The most common current conservative argument against Roe v. Wade is not that a right to privacy doesn't exist but that it doesn't apply to the abortion case. In the language of Reagan administration solicitor general Charles Fried, the Court can "pull the thread" of Roe, reversing its decision without otherwise affecting the well-established right to privacy. This is a hard argument today; as Justice John Paul Stevens has pointed out, it's hard to argue that women have a fundamental right to reproductive freedom before pregnancy that vanishes immediately after pregnancy.
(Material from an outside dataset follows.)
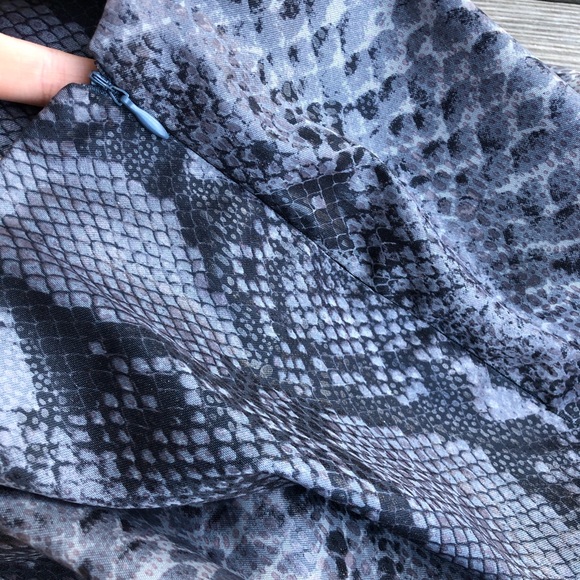 Long Paige New York Snake Skin Capri Pants - Picture 6 of 6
But it's the only route available to anti-Roe conservatives; opposing a wholesale right to privacy is a nonstarter.
Despite the permanent entrenchment of the right to privacy in American constitutionalism, the reproductive rights that Griswold helped to expand are now under siege. Protecting the reproductive rights of American women, in particular, will require determined action in all branches of federal and state government. Progressives should begin by defending the rights announced in Griswold unapologetically. The Court was right 45 years ago, and the rights it articulated in that case are worth preserving.